▶ _What you should do_: Pictures are to be left out. Return exactly the lines below from the one with "Another interesting capability" up to and including the one with "Hello and welcome to our".

───── Given data

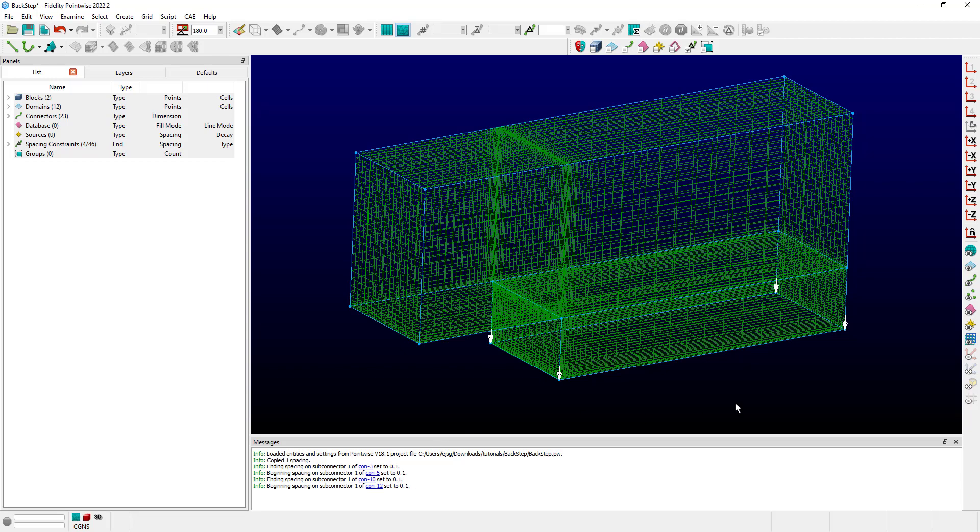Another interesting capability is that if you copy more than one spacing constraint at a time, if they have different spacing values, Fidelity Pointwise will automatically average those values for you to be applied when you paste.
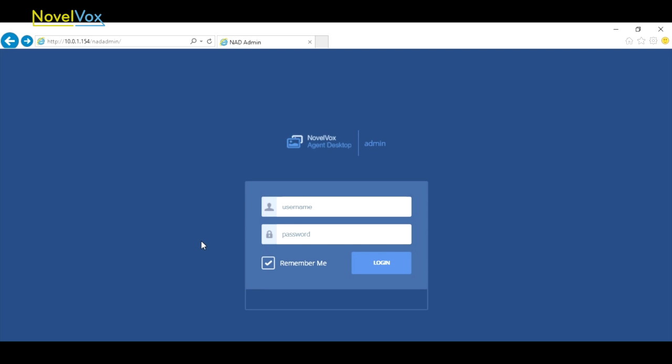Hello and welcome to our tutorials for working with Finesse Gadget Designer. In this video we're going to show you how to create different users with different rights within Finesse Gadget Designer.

──────────
───── Given data

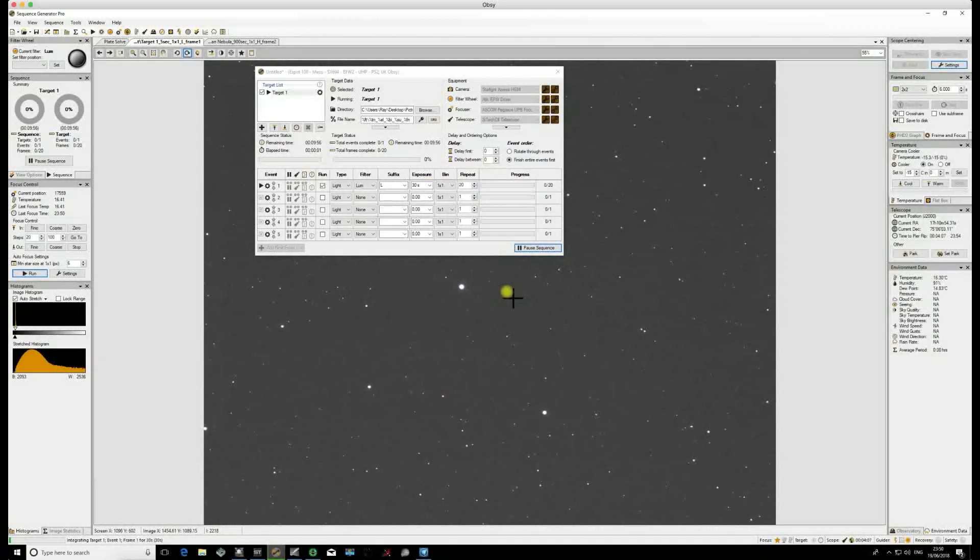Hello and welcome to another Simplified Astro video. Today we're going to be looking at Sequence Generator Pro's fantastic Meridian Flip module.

──────────

▶ _Output of the task_:
Another interesting capability is that if you copy more than one spacing constraint at a time, if they have different spacing values, Fidelity Pointwise will automatically average those values for you to be applied when you paste.
Hello and welcome to our tutorials for working with Finesse Gadget Designer. In this video we're going to show you how to create different users with different rights within Finesse Gadget Designer.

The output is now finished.